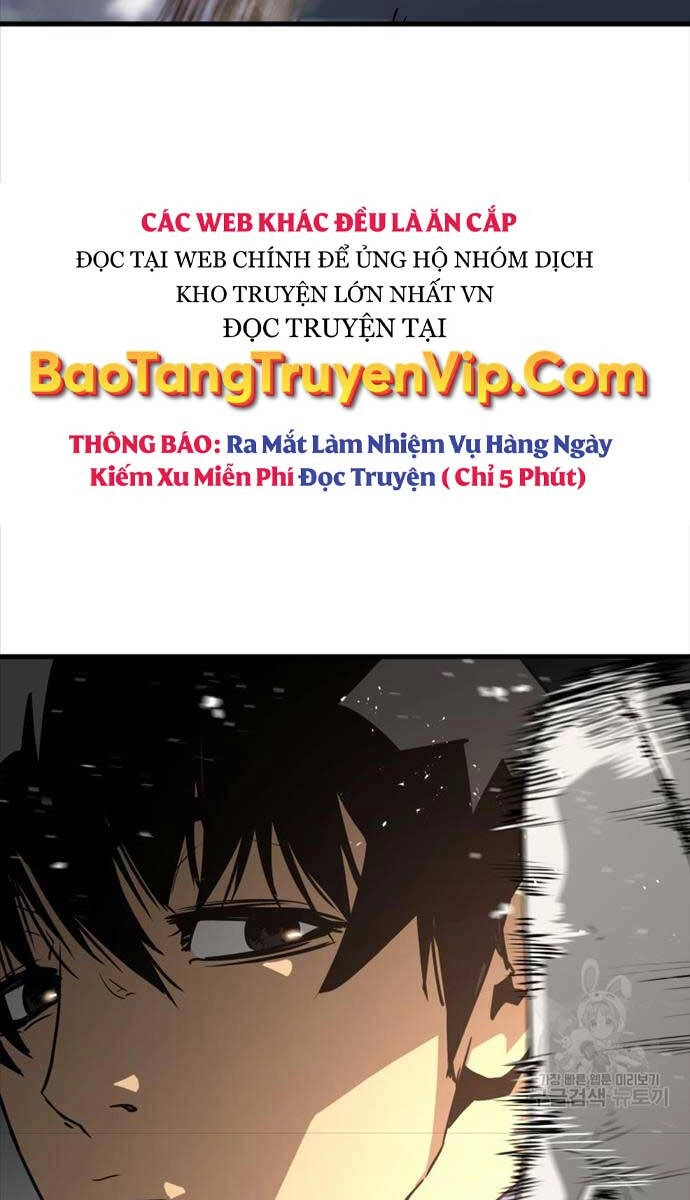 Đặc Công Xuất Ngũ Chapter 26 - 106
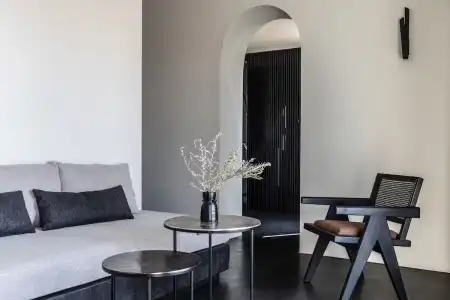 Nimbus Santorini - 31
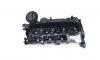 Capac culbutori, cod 8570829-01, Bmw X1 (E84), 2.0 diesel, N47D20C (idi:661752)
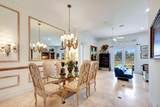6579 Pavone Street - Photo 9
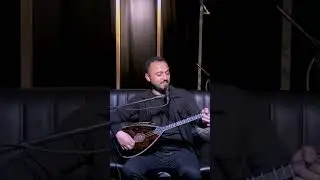 darbukacııııııı 😅😅😅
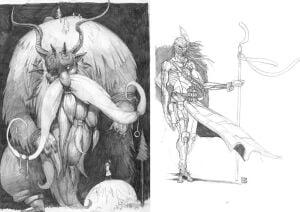 Sketch.Box: Björn Hurri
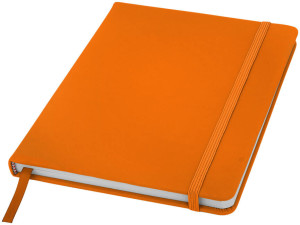 Spectrum A5 Notebook - Reklamnepredmety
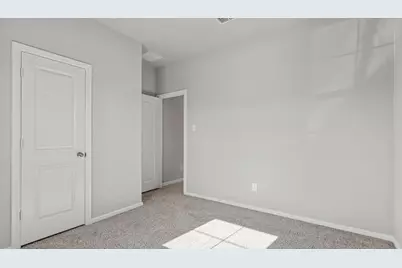 16437 Rangerville Drive, Fort Worth, TX 76247 - Photo 24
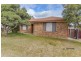 3 Janelle Street, Tamworth NSW 2340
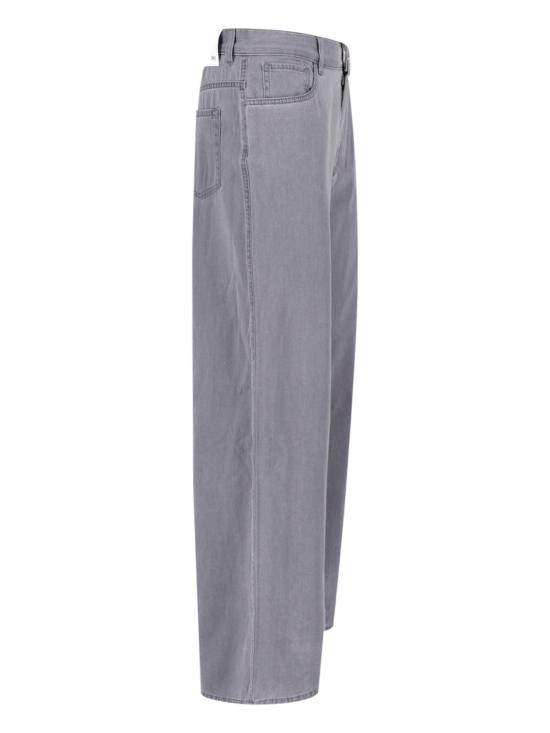 26SS 사 수 파이 데님 팬츠 398 DML 0930 Grigio - SA SU PHI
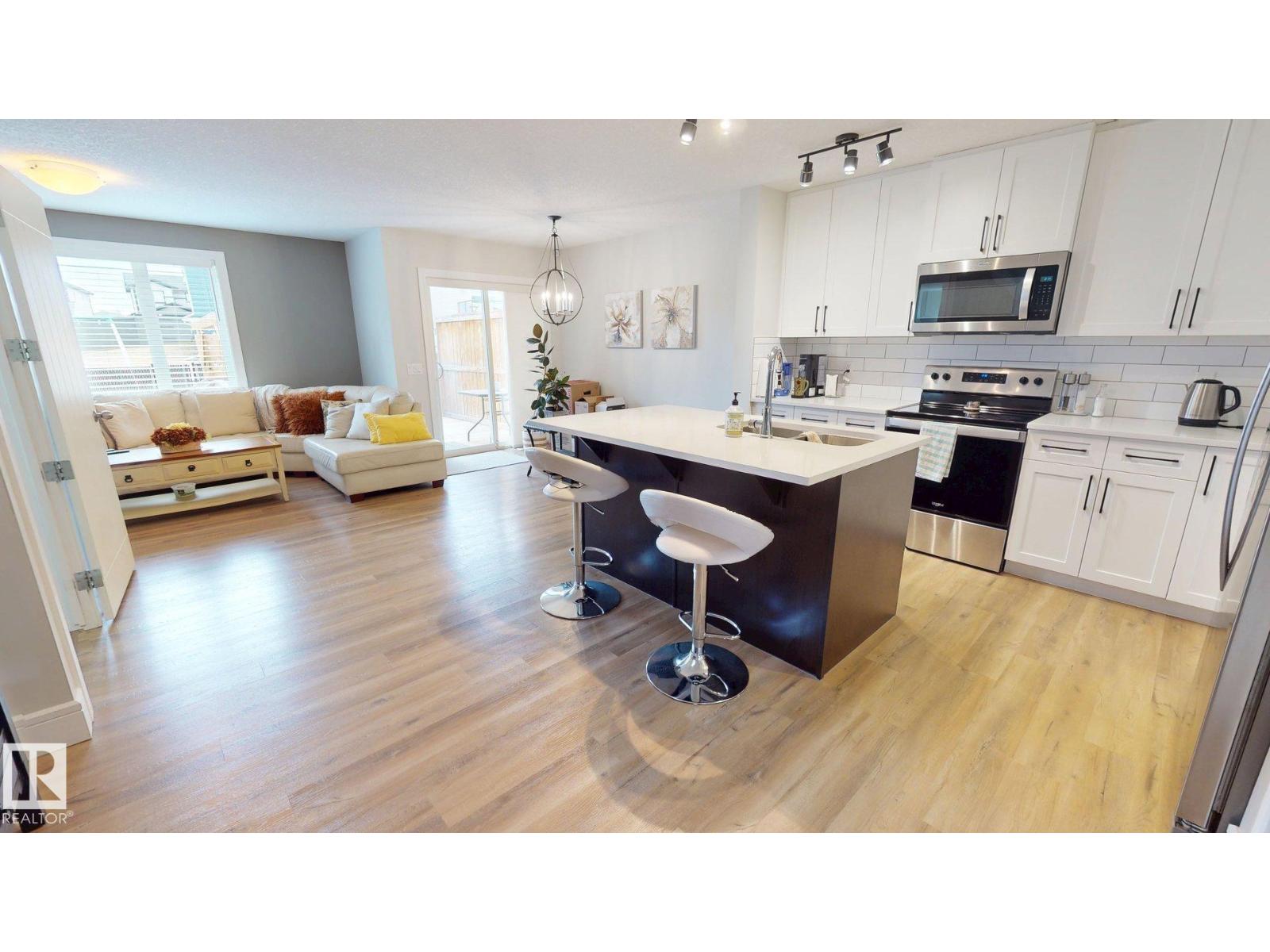 111 SPRUCE GARDENS CR, Spruce Grove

* * * * *

- **Try it**: Restate word for word, please, the line containing "6579 Pavone Street - Photo 9" and all lines after it through the end of the material; the pictures do not belong in the copy.

- **Answer below**:
6579 Pavone Street - Photo 9
 darbukacııııııı 😅😅😅
 Sketch.Box: Björn Hurri
 Spectrum A5 Notebook - Reklamnepredmety
 16437 Rangerville Drive, Fort Worth, TX 76247 - Photo 24
 3 Janelle Street, Tamworth NSW 2340
 26SS 사 수 파이 데님 팬츠 398 DML 0930 Grigio - SA SU PHI
 111 SPRUCE GARDENS CR, Spruce Grove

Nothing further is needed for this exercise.